Posted 1/24/2025
This is the adage of anyone @ any other creative in the field of making art/work/content for pay. you need to raise your prices, you can't survive on that wage so why are you charging it, people will pay your higher prices, don't be discouraged.
i'm prefacing all of this with a vehement i do not disagree that the price of art should be higher and that artists producing a craft deserve to have a living wage, whether off of their craft or not. what i'm talking about is my own personal thoughts on the matter and i don't want any of this taken as some kind of blanket statement that should be applied to other creatives that aren't me.
i know my commission prices are low. i know i sell my things for very low prices. its not because i don't value my work or my time or my skill. i have in fact raised my prices since i started at this, but they haven't risen at the same rate as inflation, cost of materials, and cost of living.
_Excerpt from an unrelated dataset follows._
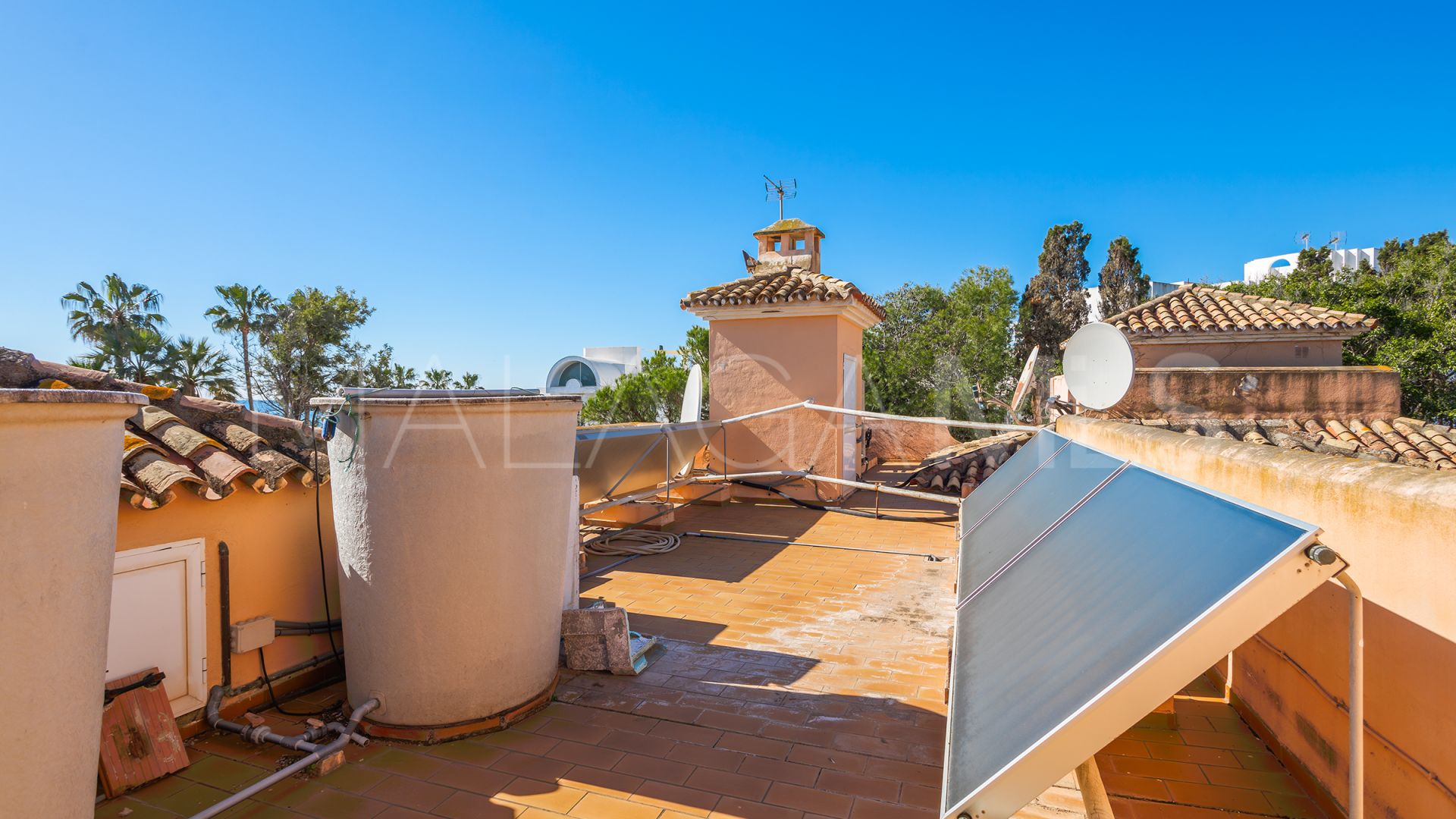Estepona East villa for sale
there is and always has been, at least to me, the issue of accessibility in art. it costs money to enter a lot of museums where a lot of the "master works" are held. it costs money to purchase art, and if money is tight/living paycheck to paycheck, it becomes a lot harder to justify the purchase of art when you don't really have the money to spend on it. i support piracy in this way, being able to enjoy content and art without having to pay for it up front, and if you can later then go support the artists that you've enjoyed. people actually do this, i've actually done this.
people can't pirate art from me. all the commission work i do is a physical product. you can't pick up a plushie and then say "i'll pay you later when i've gotten my enjoyment time out of it" that's not how it works. time and money are a currency that people use to determine value, and that doesn't work as well for a physical object that you have to hold.
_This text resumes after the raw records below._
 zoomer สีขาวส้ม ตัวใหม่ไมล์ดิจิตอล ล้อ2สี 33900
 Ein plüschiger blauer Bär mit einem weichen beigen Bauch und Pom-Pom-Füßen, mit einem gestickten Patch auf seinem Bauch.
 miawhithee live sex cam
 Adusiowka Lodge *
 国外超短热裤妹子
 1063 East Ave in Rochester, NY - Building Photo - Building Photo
when i started, i made plushies out of felt. the 25 cent (now i guess up to like 65 cent) sheets of recycled plastic made into a colored fabric. the cost of my materials was dirt cheap, anything i made on commissions was technically a profit.
now, i make plushies primarily out of fleece. its also cheap (at least compared to other potential materials at $5-10 a yd) but stands up a lot better to wear over time and looks a lot better when it doesn't pill horribly after sitting in your bed for just a year. fleece is a lot kinder to work with than felt, though small parts of plushies are often made of felt due to its rigidity.
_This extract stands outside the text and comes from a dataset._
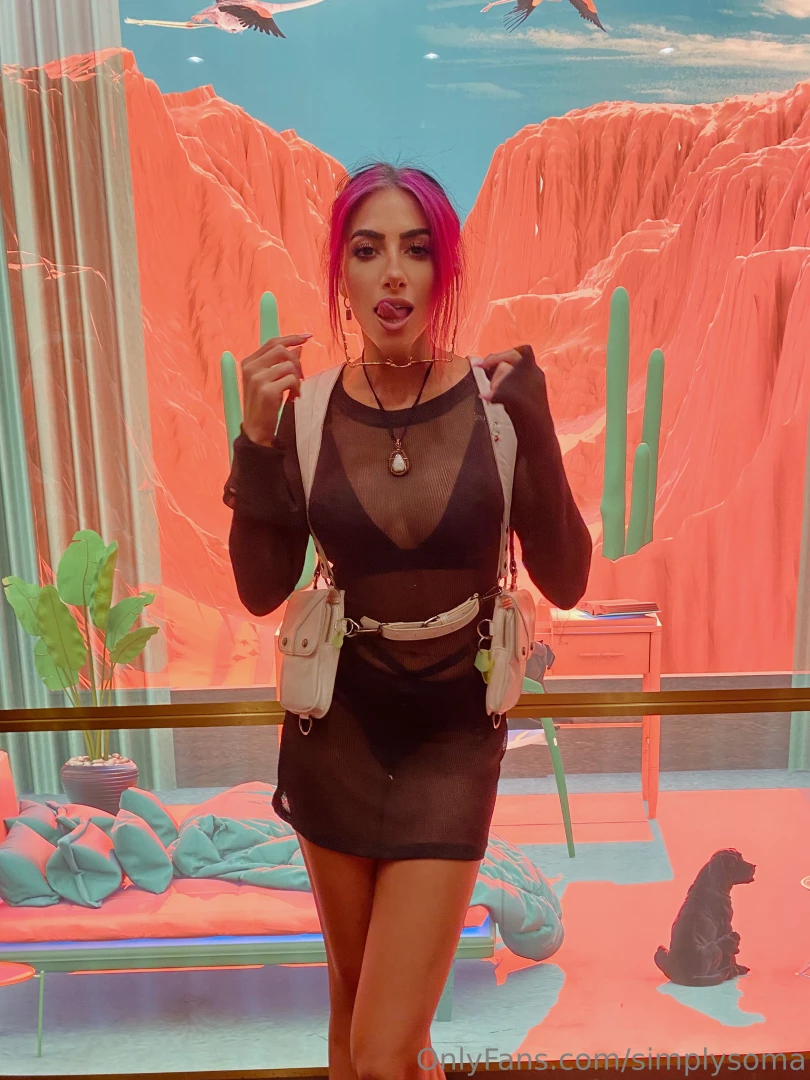 Can i be your favorite piece of art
my materials have gotten more expensive, my skills as a plushie maker have gotten better, and i have a slowly growing audience that support my work frequently.
and i keep my prices low.
i bring up this story a lot when i talk about why i got into plushie making in the first place. i was really into neopets as a kid and there was a store at the mall that sold neopets plushies. they were over $20 and that was too expensive to get to spend on a relatively small toy.
i wanted toys and plushies that were of things i enjoyed and liked, like neopets and pokemon, but all the "official" merch was so expensive or the things i liked were too niche for companies to want to make stuff for. so i started sewing my own plushies of stuff i liked. and they were rough and bad but they were mine and i liked them. (this included a jirachi plushie that was made entirely out of old socks and colored on with markers. later i discovered fabric came in specific colors.)
i did eventually get the neopets plushie, but it took finding every coin i could in the house and having a 5 pound fanny pack of quarters and other coins that equaled the price of the plushie for my mom to give in and get me it. (sadly i don't have it anymore as it eventually got donated alongside a bunch of other stuffed animals me and my sister had)
my entire reason for making plushies is because i couldn't get the ones i wanted, either out of availability or price. i make a lot of the stuff i make now because of the same thing.
i don't think that art should be a luxury thing, and here i am positioned as an artist that people enjoy the work of, i don't want to price them out of being able to afford me. yes, there are people able and willing to pay me a lot more for the stuff i make, but i know how rough it is out here for a lot of us right now. i think people deserve a plushie of their original character or blorbo or whatever. i can offer that service to those that want it.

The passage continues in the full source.